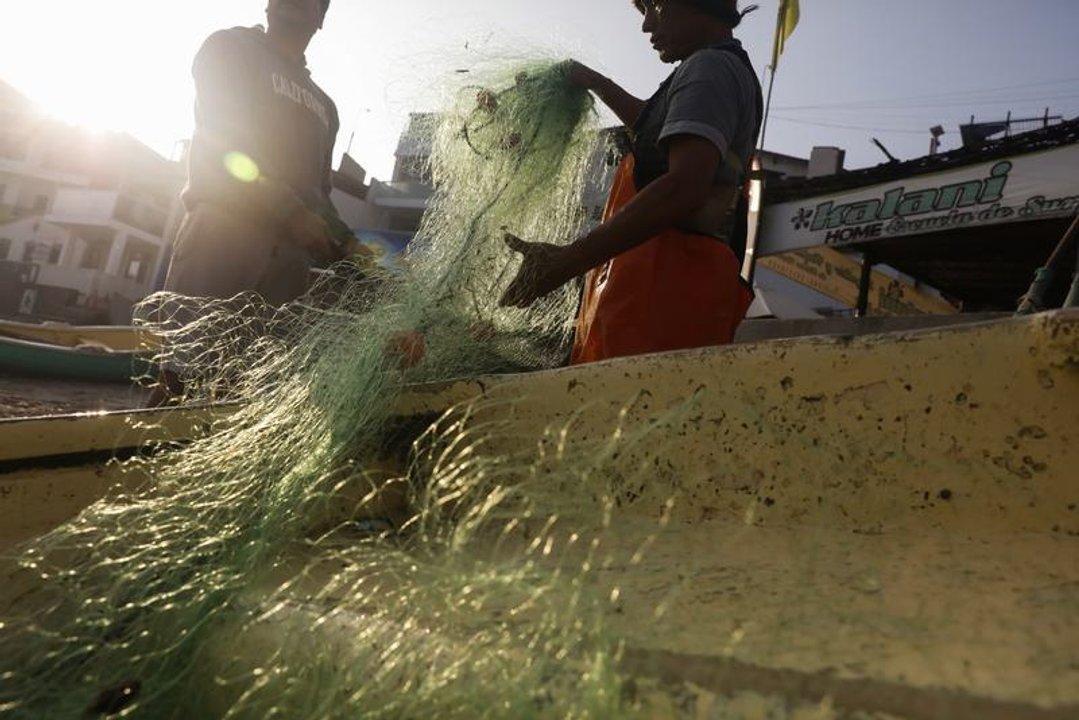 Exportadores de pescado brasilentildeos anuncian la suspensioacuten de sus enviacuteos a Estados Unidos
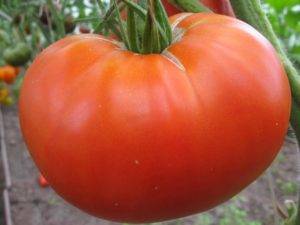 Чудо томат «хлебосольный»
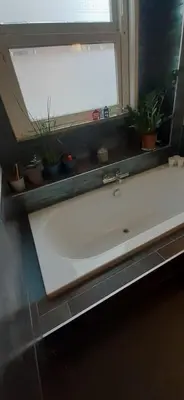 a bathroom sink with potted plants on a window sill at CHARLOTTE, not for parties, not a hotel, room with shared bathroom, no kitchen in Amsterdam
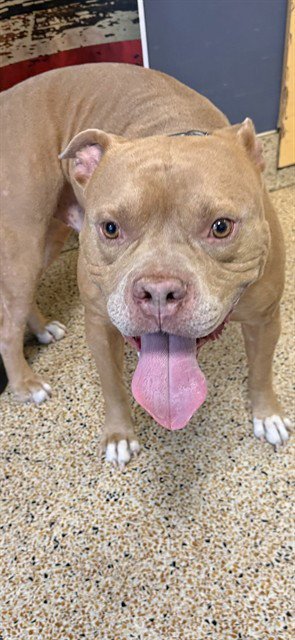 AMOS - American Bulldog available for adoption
...
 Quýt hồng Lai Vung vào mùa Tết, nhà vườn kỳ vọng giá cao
--
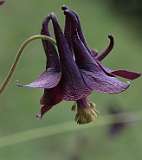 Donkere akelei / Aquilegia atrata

**WHAT IS NEEDED**
Could you repeat, exactly, only the lines above starting at the one that has "a bathroom sink" and stopping after the one that has "AMOS - American", without the pictures?

**SOLUTION TO THE PROBLEM**
 a bathroom sink with potted plants on a window sill at CHARLOTTE, not for parties, not a hotel, room with shared bathroom, no kitchen in Amsterdam
 AMOS - American Bulldog available for adoption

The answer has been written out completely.